-- Opening Marker --

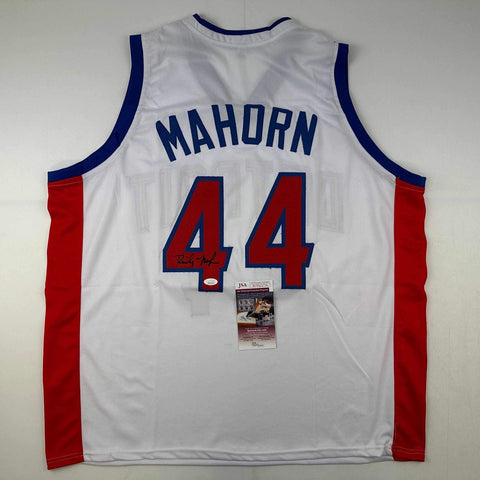 Autographed/Signed Rick Mahorn Detroit White Basketball Jersey JSA COA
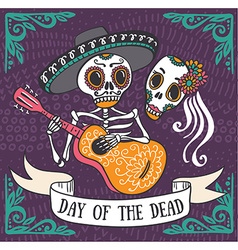 Invitation poster to the Day of the dead party Dea vector image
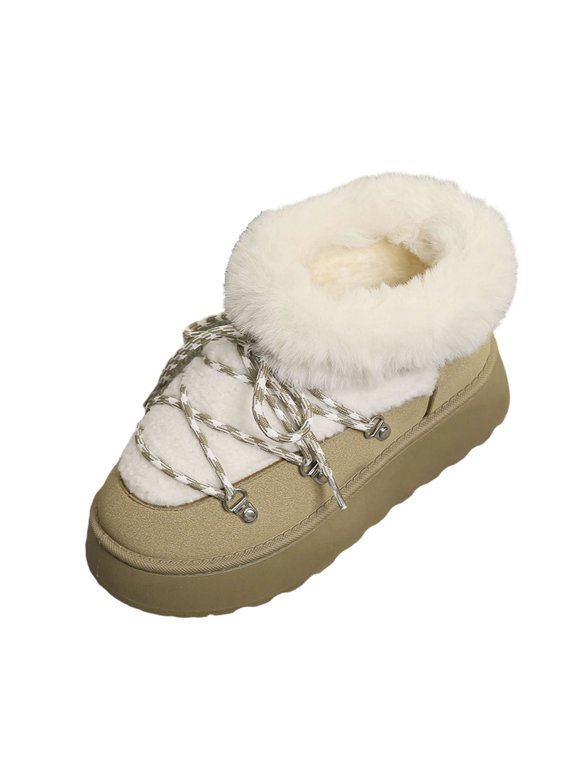 Ankle Womans Boots Green Snow Slip on Lace up Furry Warm Boots Woman Shoes 39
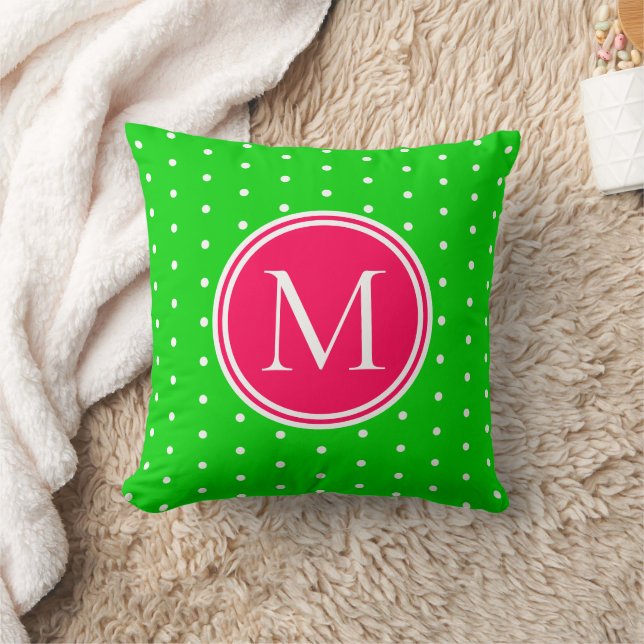 Coussin Point Polka vert et blanc avec monogramme rose (Couverture)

-- Closing Marker --

- YOUR GOAL
Restate exactly, and only, the lines from the one that holds "Invitation poster to" down to the last line of the material above. Omit the pictures.

- ANSWER SPACE
 Invitation poster to the Day of the dead party Dea vector image
 Ankle Womans Boots Green Snow Slip on Lace up Furry Warm Boots Woman Shoes 39
 Coussin Point Polka vert et blanc avec monogramme rose (Couverture)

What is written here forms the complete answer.